TU Wien:Business Intelligence VU (Rauber)/2024WS-Exam-Questions
Zur Navigation springen
Zur Suche springen
T/F Questions:
- The upcoming EU Regulation on AI obliges high-risk applications to log, amongst others, the identification of any person involved in the verification of results.
- Representation Bias is closely linked to encoding of data, especially the value ranges selected for encoding an attribute.
- Historical Bias manifests via the data generation process even given a perfect sampling and feature selection.
- The CRISP-DM process starts with the Data Understanding phase and ends with the Evaluation phase.
- Data exploration and preprocessing are needed also in data mining projects where the data comes from an integrated data warehouse.
- Data augmentation is a pre-processing step aiming at improving the quality and quantity of data.
- Minor shifts in single data points can lead to completely different splits at specific levels of decision trees.
- Binary data is a special form of nominal data.
- Ordinal data does not allow distances to be computed between data instances.
- Support Vector Machines with soft margin usually will show a better effectiveness on the test data than Support Vector Machines without soft margin.
- The optimal hyper-parameters of a model for deployment are determined on the validation set.
- Recall measures the fraction of all positive instances correctly identified by a classifier.
- Micro averaged Precision / Recall for classifier evaluation first calculates Precision / Recall per class and then averages across classes.
- Equal Opportunity describes the characteristics of classifiers to have the same true positive rate across different groups, having and not having a protected attribute in both instances.
- If two classifiers show statistically significant different performance, one can conclude a better performance of these classifiers.
- Drilling down means going from a coarser (higher) level of aggregation to a finer (more detailed) view
- The multidimensional model is on the conceptual level and not on the physical level.
- A data warehouse is a subject-oriented, integrated, time-variant, and non-volatile collection of data.
- In the multidimensional model, data is divided into facts and cubes.
- OLAP focuses on many short and small transactions.
- A data mart is an equivalent alternative to a data warehouse.
- The cube operator is used to obtain a slice from a data cube.
- It is not possible to use a dimension multiple times within a data warehouse schema.
- MDX queries explore specific axes (columns, rows, pages, ...)?
- Data lakes are superior to data warehouses.
- A Galaxy Schema contains multiple fact tables.
- In the data Warehouse reference architecture, data is copied from source directly?
- Fact tables are usually having many rows.
- Data Using MOLAP and ROLAP is stored in exactly the same way.
- Snowflake Schemas result in (small) savings in storage space.
Open Questions:
1. Describe the concept of risk categories used in the EU AI Act:
- a) Which risk categories does it define?
- b) What are the according consequences for applications falling in the respective categories?
- c) Provide two examples of AI applications for each of these categories.
2. Lazy Learning:
- a) Explain the concept of Lazy Learning.
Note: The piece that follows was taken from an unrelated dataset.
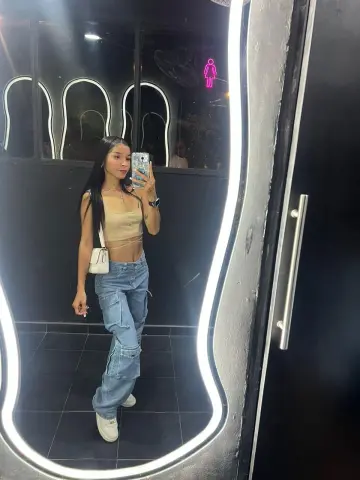 Young woman in a beige crop top and baggy blue jeans taking a mirror selfie in a modern restroom.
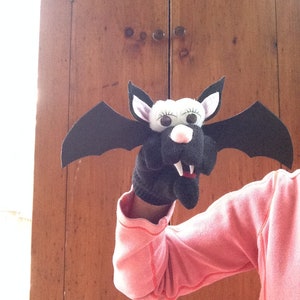 May include: A black and white bat puppet with a pink nose and large eyes. The puppet is being held by a person wearing a pink shirt.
- b) Describe the characteristics of a setting in which a lazy learner would be the selected choice.
- c) Provide a justification for your decision.
- d) Give an example of such a setting.
3. Describe the functionality of the following operations as well as their relationships (similarities, differences, etc.):
- GROUPING SETS, ROLLUP and CUBE
4. Describe at least 3 main components of the data warehouse reference architecture and their relationships.